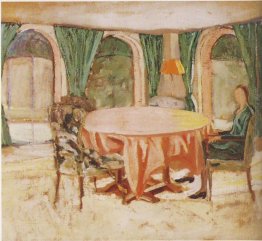Diana Churchill nella sala da pranzo a Chartwell Diana Churchill nella sala da pranzo a Chartwell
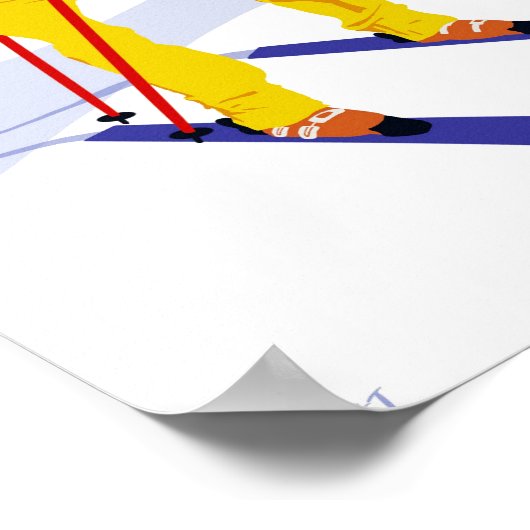 Ski Venture Poster 12"x18" (Hoek)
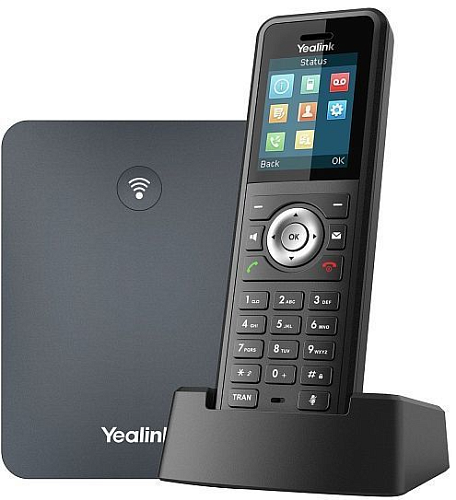 sip телефон yealink w79p (база w70b+трубка w59r) до 10 sip-аккаунтов, до 10 трубок на базу, до 20 одновременных вызовов, шт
___
**WORK ITEM**:
Reproduce everything above exactly, images excluded.

**WRITTEN SOLUTION**:
Diana Churchill nella sala da pranzo a Chartwell Diana Churchill nella sala da pranzo a Chartwell
 Ski Venture Poster 12"x18" (Hoek)
 sip телефон yealink w79p (база w70b+трубка w59r) до 10 sip-аккаунтов, до 10 трубок на базу, до 20 одновременных вызовов, шт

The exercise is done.